▶ Task directions
Range to copy from the entries below: the line containing "第229话 第227话 背对背想念 第28页" through the line containing "末世超级系统 第134话 下套 第37页", inclusive. Retype only those lines, exactly, without any images.

▶ Input for this task
====
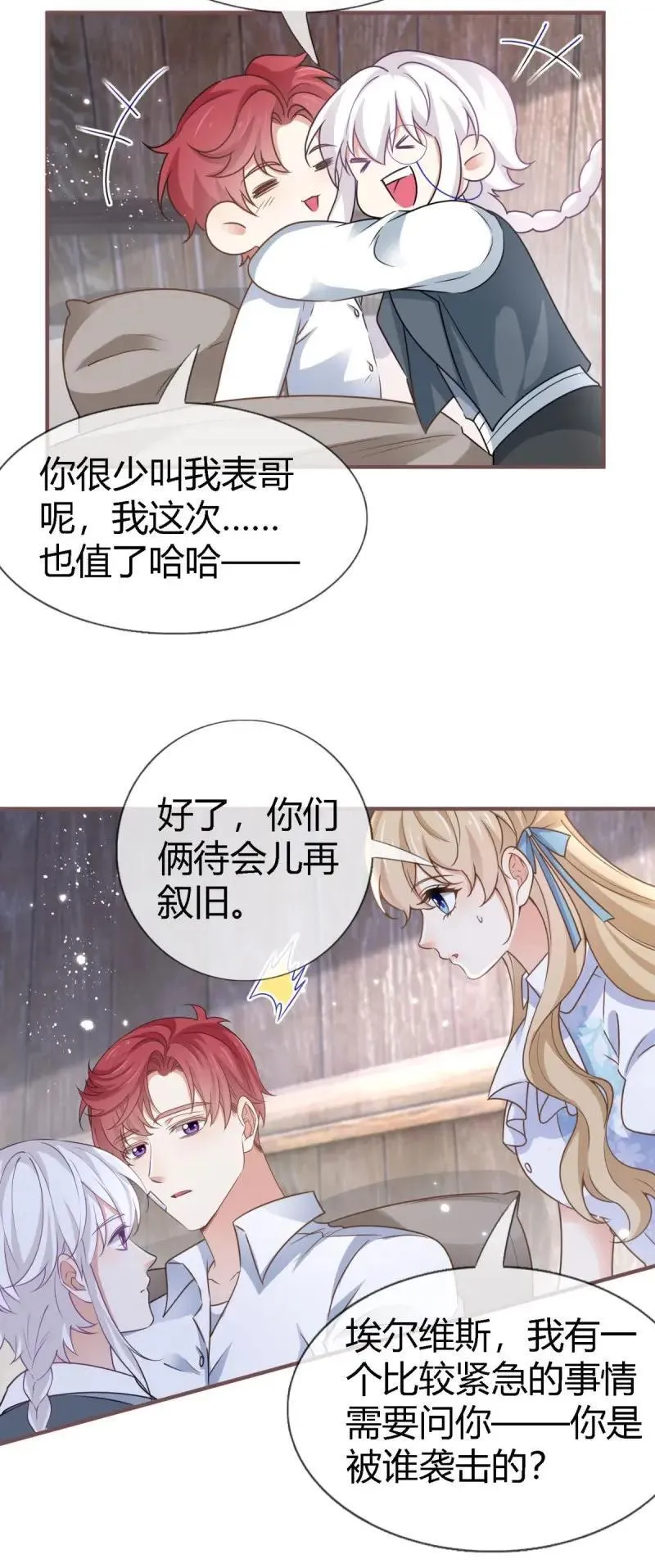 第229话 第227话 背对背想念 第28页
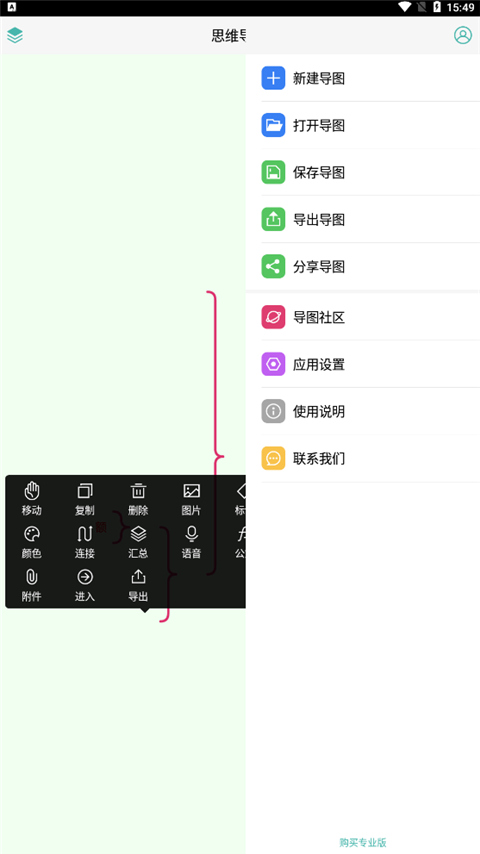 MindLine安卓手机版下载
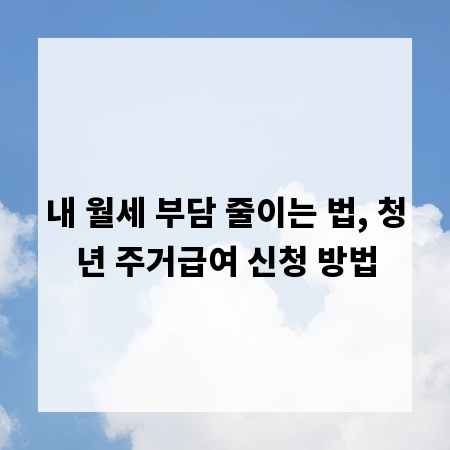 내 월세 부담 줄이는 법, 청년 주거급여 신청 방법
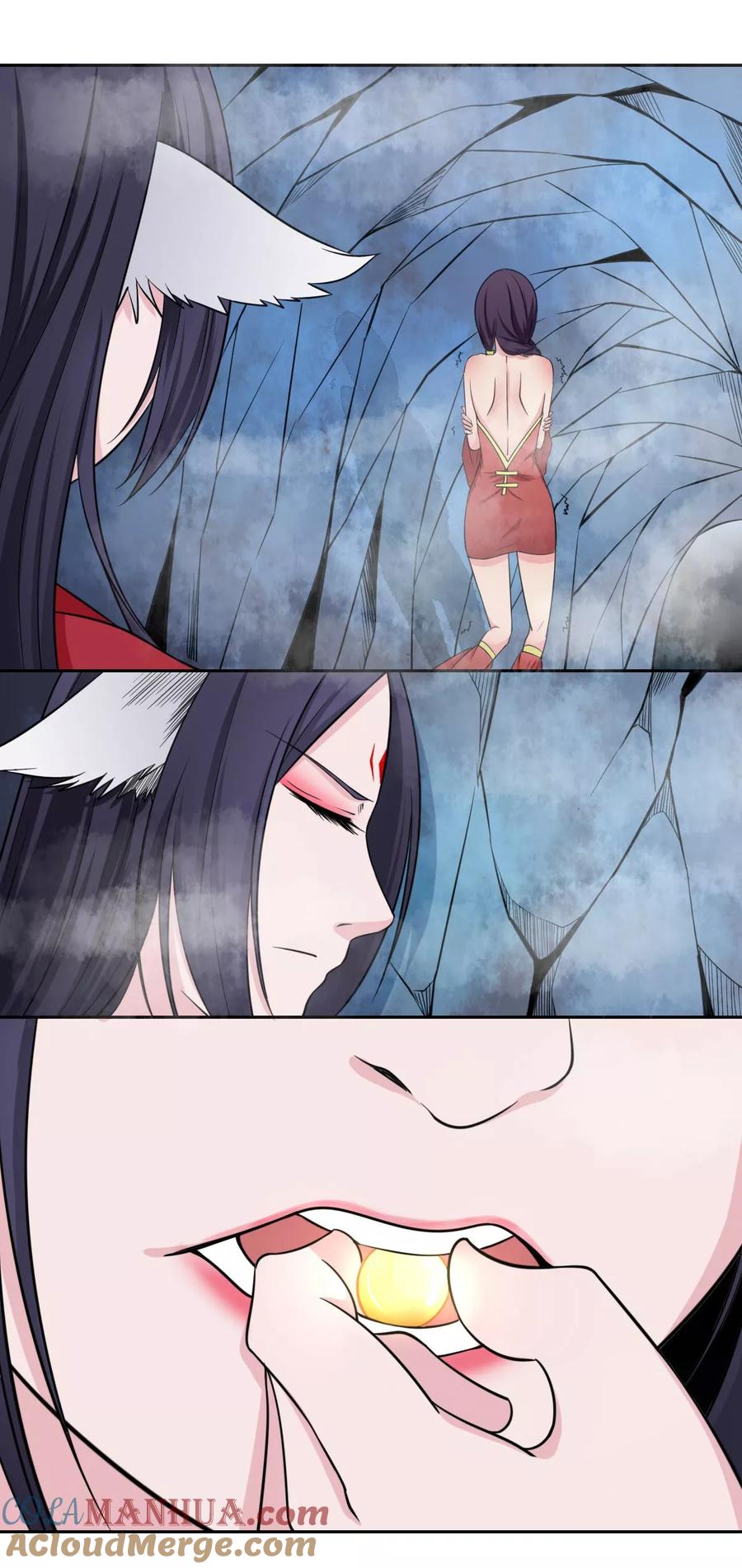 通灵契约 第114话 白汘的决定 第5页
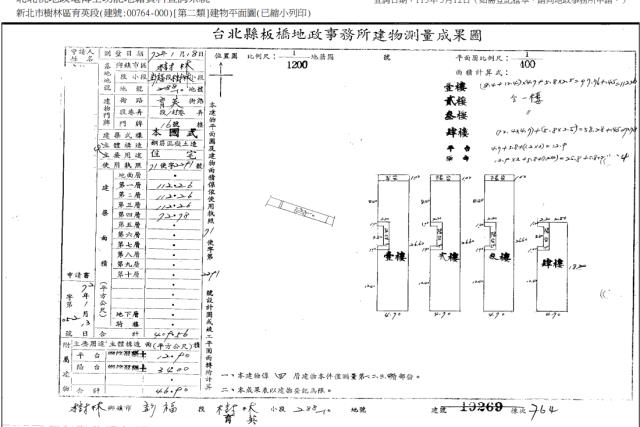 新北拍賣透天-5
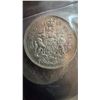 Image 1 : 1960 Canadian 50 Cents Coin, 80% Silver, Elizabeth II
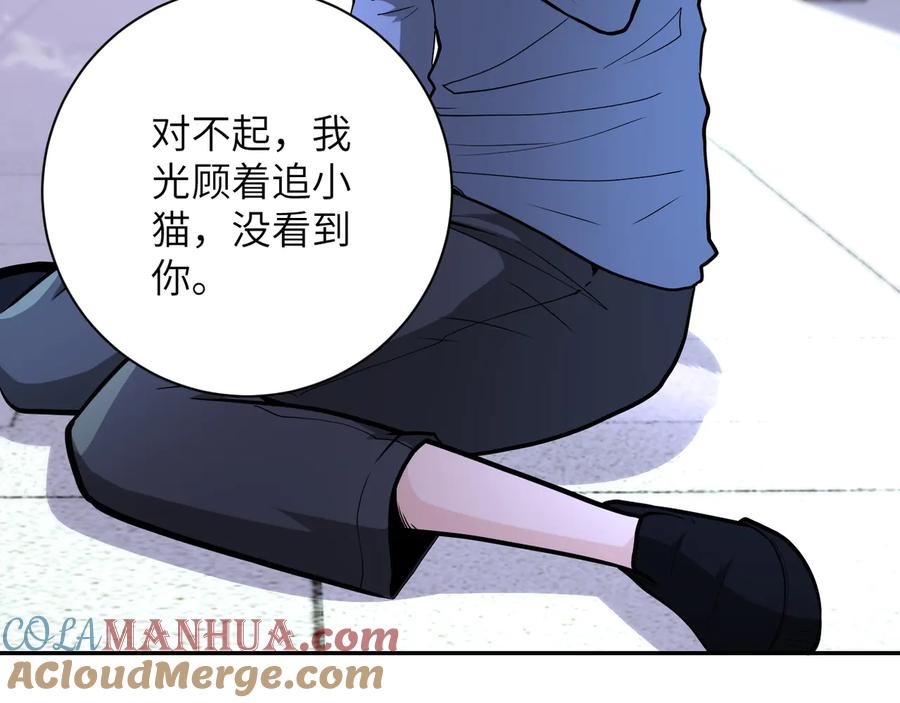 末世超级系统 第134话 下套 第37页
====
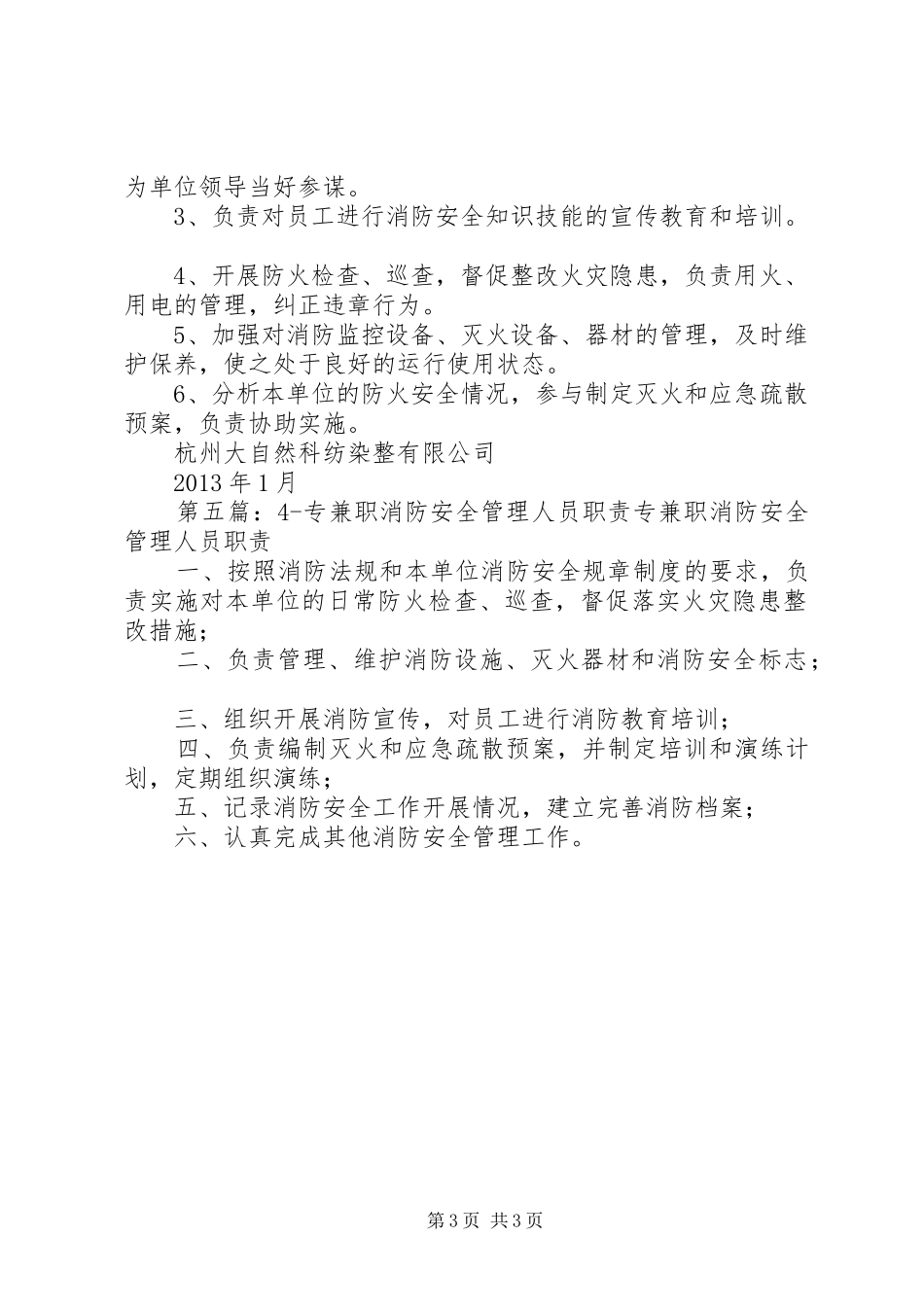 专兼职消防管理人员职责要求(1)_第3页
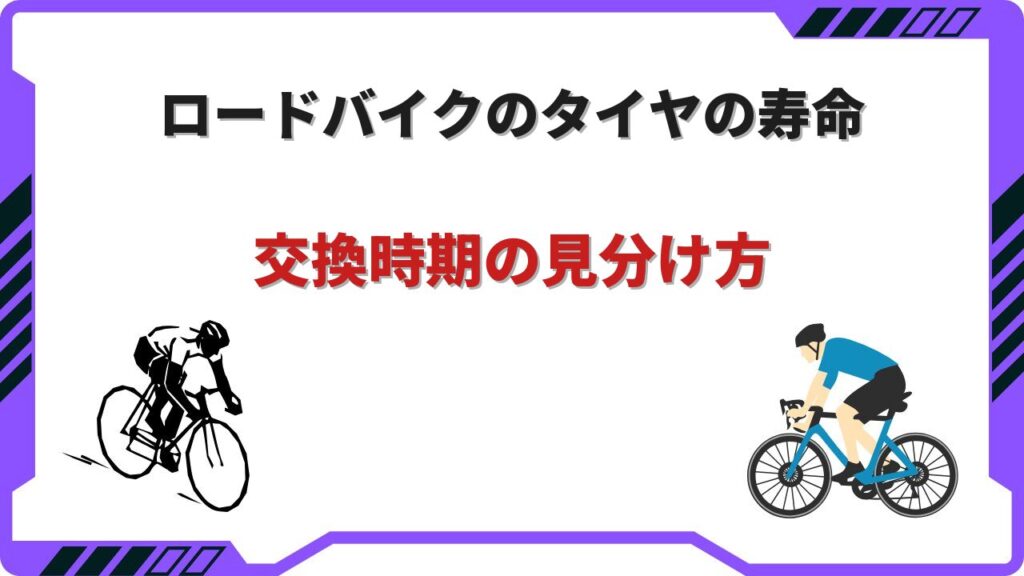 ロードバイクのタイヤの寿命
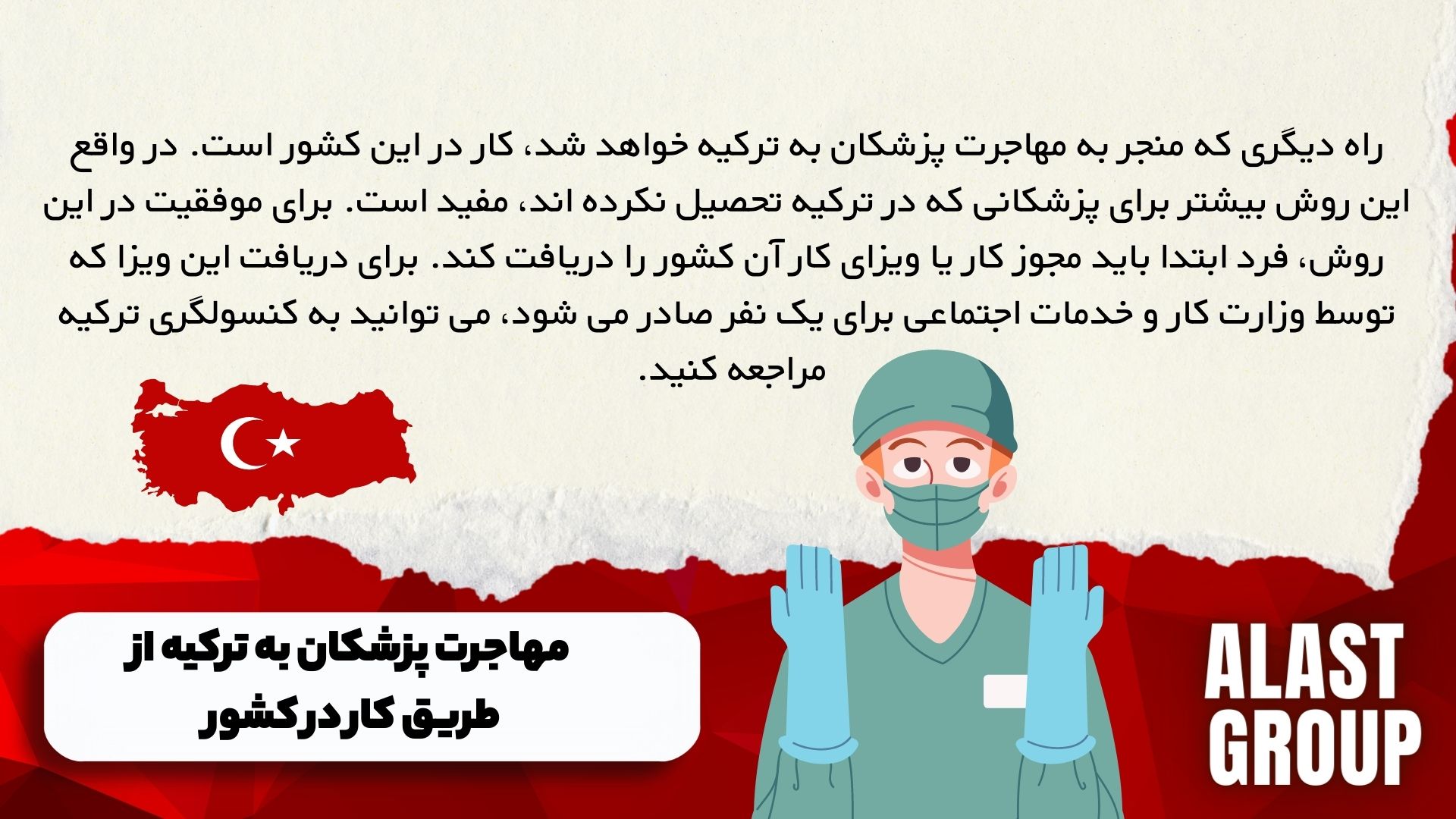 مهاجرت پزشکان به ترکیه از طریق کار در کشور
====
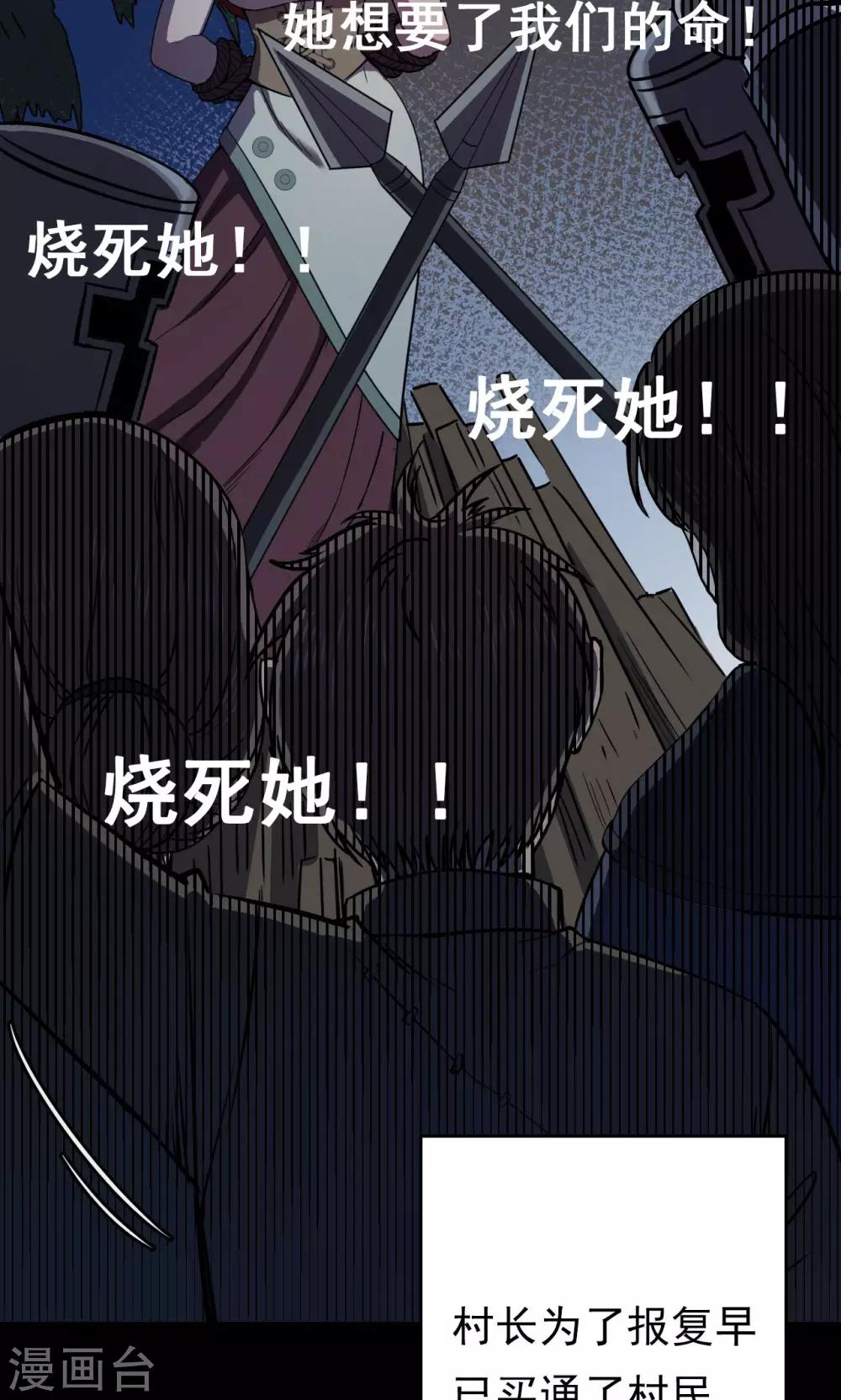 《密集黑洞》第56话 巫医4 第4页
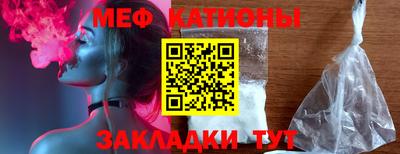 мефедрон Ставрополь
====
▶ Completed exercise
 第229话 第227话 背对背想念 第28页
 MindLine安卓手机版下载
 내 월세 부담 줄이는 법, 청년 주거급여 신청 방법
 通灵契约 第114话 白汘的决定 第5页
 新北拍賣透天-5
 Image 1 : 1960 Canadian 50 Cents Coin, 80% Silver, Elizabeth II
 末世超级系统 第134话 下套 第37页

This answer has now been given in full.